• **Materials provided**
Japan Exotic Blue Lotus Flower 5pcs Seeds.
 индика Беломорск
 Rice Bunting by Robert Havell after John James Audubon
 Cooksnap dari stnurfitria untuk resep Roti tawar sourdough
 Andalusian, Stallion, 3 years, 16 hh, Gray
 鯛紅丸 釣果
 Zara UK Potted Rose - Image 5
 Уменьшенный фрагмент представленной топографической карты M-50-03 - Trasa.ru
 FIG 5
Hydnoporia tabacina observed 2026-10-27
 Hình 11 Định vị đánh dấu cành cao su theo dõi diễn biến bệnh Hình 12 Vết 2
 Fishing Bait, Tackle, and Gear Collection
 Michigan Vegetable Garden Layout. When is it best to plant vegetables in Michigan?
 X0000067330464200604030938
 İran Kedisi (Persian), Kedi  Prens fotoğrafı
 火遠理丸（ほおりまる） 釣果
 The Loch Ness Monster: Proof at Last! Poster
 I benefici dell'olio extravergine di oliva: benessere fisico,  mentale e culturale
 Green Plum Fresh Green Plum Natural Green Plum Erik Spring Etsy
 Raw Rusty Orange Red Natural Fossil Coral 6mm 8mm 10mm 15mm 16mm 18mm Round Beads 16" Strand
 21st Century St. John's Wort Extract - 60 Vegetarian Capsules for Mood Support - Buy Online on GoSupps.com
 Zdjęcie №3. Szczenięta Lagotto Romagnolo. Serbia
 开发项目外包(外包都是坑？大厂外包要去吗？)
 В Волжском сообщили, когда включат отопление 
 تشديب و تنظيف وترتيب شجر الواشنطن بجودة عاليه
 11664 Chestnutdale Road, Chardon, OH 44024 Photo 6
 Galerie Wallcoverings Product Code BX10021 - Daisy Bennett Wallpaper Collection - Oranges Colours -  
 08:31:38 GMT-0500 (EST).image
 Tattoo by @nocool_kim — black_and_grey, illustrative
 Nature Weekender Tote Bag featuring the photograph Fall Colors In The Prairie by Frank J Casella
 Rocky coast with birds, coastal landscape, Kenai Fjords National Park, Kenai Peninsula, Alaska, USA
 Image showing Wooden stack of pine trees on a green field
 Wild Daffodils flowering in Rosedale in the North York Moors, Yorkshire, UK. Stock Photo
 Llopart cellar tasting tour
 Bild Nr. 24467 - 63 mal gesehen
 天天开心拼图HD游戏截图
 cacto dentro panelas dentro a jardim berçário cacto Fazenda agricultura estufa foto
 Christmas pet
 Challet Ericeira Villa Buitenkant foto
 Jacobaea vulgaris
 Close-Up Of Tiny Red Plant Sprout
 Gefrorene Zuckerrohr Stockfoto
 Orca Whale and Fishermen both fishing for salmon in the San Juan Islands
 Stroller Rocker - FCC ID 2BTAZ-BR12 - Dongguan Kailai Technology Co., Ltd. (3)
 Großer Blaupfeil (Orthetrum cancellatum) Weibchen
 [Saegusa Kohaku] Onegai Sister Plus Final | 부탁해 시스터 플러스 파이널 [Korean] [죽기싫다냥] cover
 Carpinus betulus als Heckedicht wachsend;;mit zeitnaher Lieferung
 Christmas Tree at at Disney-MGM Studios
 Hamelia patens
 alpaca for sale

• **Task goal**
Retype each line of the data exactly as it reads.

• **Solution to the exercise**
Japan Exotic Blue Lotus Flower 5pcs Seeds.
 индика Беломорск
 Rice Bunting by Robert Havell after John James Audubon
 Cooksnap dari stnurfitria untuk resep Roti tawar sourdough
 Andalusian, Stallion, 3 years, 16 hh, Gray
 鯛紅丸 釣果
 Zara UK Potted Rose - Image 5
 Уменьшенный фрагмент представленной топографической карты M-50-03 - Trasa.ru
 FIG 5
Hydnoporia tabacina observed 2026-10-27
 Hình 11 Định vị đánh dấu cành cao su theo dõi diễn biến bệnh Hình 12 Vết 2
 Fishing Bait, Tackle, and Gear Collection
 Michigan Vegetable Garden Layout. When is it best to plant vegetables in Michigan?
 X0000067330464200604030938
 İran Kedisi (Persian), Kedi  Prens fotoğrafı
 火遠理丸（ほおりまる） 釣果
 The Loch Ness Monster: Proof at Last! Poster
 I benefici dell'olio extravergine di oliva: benessere fisico,  mentale e culturale
 Green Plum Fresh Green Plum Natural Green Plum Erik Spring Etsy
 Raw Rusty Orange Red Natural Fossil Coral 6mm 8mm 10mm 15mm 16mm 18mm Round Beads 16" Strand
 21st Century St. John's Wort Extract - 60 Vegetarian Capsules for Mood Support - Buy Online on GoSupps.com
 Zdjęcie №3. Szczenięta Lagotto Romagnolo. Serbia
 开发项目外包(外包都是坑？大厂外包要去吗？)
 В Волжском сообщили, когда включат отопление 
 تشديب و تنظيف وترتيب شجر الواشنطن بجودة عاليه
 11664 Chestnutdale Road, Chardon, OH 44024 Photo 6
 Galerie Wallcoverings Product Code BX10021 - Daisy Bennett Wallpaper Collection - Oranges Colours -  
 08:31:38 GMT-0500 (EST).image
 Tattoo by @nocool_kim — black_and_grey, illustrative
 Nature Weekender Tote Bag featuring the photograph Fall Colors In The Prairie by Frank J Casella
 Rocky coast with birds, coastal landscape, Kenai Fjords National Park, Kenai Peninsula, Alaska, USA
 Image showing Wooden stack of pine trees on a green field
 Wild Daffodils flowering in Rosedale in the North York Moors, Yorkshire, UK. Stock Photo
 Llopart cellar tasting tour
 Bild Nr. 24467 - 63 mal gesehen
 天天开心拼图HD游戏截图
 cacto dentro panelas dentro a jardim berçário cacto Fazenda agricultura estufa foto
 Christmas pet
 Challet Ericeira Villa Buitenkant foto
 Jacobaea vulgaris
 Close-Up Of Tiny Red Plant Sprout
 Gefrorene Zuckerrohr Stockfoto
 Orca Whale and Fishermen both fishing for salmon in the San Juan Islands
 Stroller Rocker - FCC ID 2BTAZ-BR12 - Dongguan Kailai Technology Co., Ltd. (3)
 Großer Blaupfeil (Orthetrum cancellatum) Weibchen
 [Saegusa Kohaku] Onegai Sister Plus Final | 부탁해 시스터 플러스 파이널 [Korean] [죽기싫다냥] cover
 Carpinus betulus als Heckedicht wachsend;;mit zeitnaher Lieferung
 Christmas Tree at at Disney-MGM Studios
 Hamelia patens
 alpaca for sale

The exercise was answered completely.